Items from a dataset
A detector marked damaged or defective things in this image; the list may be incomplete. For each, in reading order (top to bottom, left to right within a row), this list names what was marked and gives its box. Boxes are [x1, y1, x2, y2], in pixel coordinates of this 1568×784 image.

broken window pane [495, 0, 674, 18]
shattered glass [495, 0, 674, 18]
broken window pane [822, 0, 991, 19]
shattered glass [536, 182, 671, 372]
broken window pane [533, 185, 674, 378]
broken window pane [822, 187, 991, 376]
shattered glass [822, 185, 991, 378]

## YOUR TASK
Transcribe the records in full, so that each line reads exactly as before.

## TASK RESULT
A detector marked damaged or defective things in this image; the list may be incomplete. For each, in reading order (top to bottom, left to right within a row), this list names what was marked and gives its box. Boxes are [x1, y1, x2, y2], in pixel coordinates of this 1568×784 image.

broken window pane [495, 0, 674, 18]
shattered glass [495, 0, 674, 18]
broken window pane [822, 0, 991, 19]
shattered glass [536, 182, 671, 372]
broken window pane [533, 185, 674, 378]
broken window pane [822, 187, 991, 376]
shattered glass [822, 185, 991, 378]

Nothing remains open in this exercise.